In August 2010, the Board of Governors of the Oregon State Bar selected Dick Roy as the first recipient of the President’s Sustainability Award. The award was created in 2010 to recognize extraordinary leadership by an Oregon lawyer or law firm in promoting sustainability within the Bar and legal profession. The Sustainable Future Section congratulates Dick on the formal recognition of his achievements.
In 1993, Dick left his successful legal career as a partner of Stoel Rives to join his wife, Jeanne, as a full-time volunteer. Together, they founded the nonprofit Northwest Earth Institute, which became a recognized leader in the Northwest sustainability movement. As Executive Director of the Northwest Earth Institute, Dick guided the successful development of innovative programs, including a series of six discussion courses offered nationwide (with enrollment of over 75,000), the Oregon Natural Step Network (1997), the Oregon High School Earth Club Network, the Coalition for Commercial-Free Schools, and the Sustainable Investment Institute.
In late 2005, Dick initiated informal meetings with Oregon lawyers regarding his concern that the legal profession was standing on the sidelines as the sustainability movement was gaining acceptance as a response to the impairment of the rights of future generations and the challenges of climate change. He was troubled that, unlike in other social movements, lawyers were not taking a prominent role in the sustainability movement. Most agreed that Dick’s concerns were worthy of a broader discussion among lawyers.

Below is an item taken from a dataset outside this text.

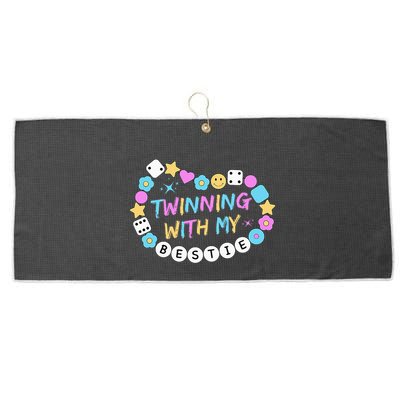 Twin Matching Twins Day Friend Twinning With My Bestie Twin Large Microfiber Waffle Golf Towel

In early 2006, Dick led three focus groups with 43 lawyers to discuss the role of the legal profession in sustainability and whether a new group should be created. With the encouragement of the focus groups, Oregon Lawyers for a Sustainable Future (OLSF) was launched in 2006, as one of several projects of the Center for Earth Leadership, a new nonprofit cofounded by Dick and Jeanne. Marshaling the talents, expertise, and energy of many lawyers and law office staff, OLSF quickly developed six practical tools designed to promote sustainable practices in the law office, including a model law office policy, checklists for the operation of the law office, for construction of tenant improvements, and for building managers of law office space, and guidelines for planning green events and for lunch vendors. Trained teams of volunteers met with law office sustainability teams to encourage use of the tools. The American Bar Association created a link to the OLSF tools to encourage their use in law offices across the country.
Through OLSF, Dick created an educational seminar entitled “Dimensions of Sustainability—Emerging Context for the Practice of Law” that he presented to over 600 Oregon lawyers in 20 separate programs. Concurrently, he taught numerous Earth Leadership seminars for Oregon lawyers. Participants engaged in extensive discussions on sustainability topics. Through these pioneering efforts, Dick generated awareness and motivation among countless Oregon lawyers and law firms. He was also instrumental in promoting awareness of sustainability in the corporate arena by supporting the successful enactment of Oregon House Bill 2826 (amending ORS 60.047) during the 2007 legislative session.
In 2006, Dick sought a greater commitment toward sustainability by the Board of Governors (BOG), but failed at that time to convince the BOG that there was a connection between sustainability and the legal profession. Dick responded by forming a study group to analyze this connection. In 2008, based on the study group’s work, he successfully convinced the BOG that a strong connection between law and sustainability existed. At Dick’s suggestion, the BOG organized an OSB Task Force on Sustainability, which published its report in September 2009, which led, among other things, to the adoption of the OSB bylaw on sustainability (Article 26) and the formation of the Sustainable Future Section. Through his vision, leadership, reputation, and educational initiatives, Dick ultimately forged a completely new perspective on the significant role that the legal profession and the organized bar can play in the movement toward a more sustainable society. The Oregon legal profession has been promoted to national prominence on this matter by his work and commitment.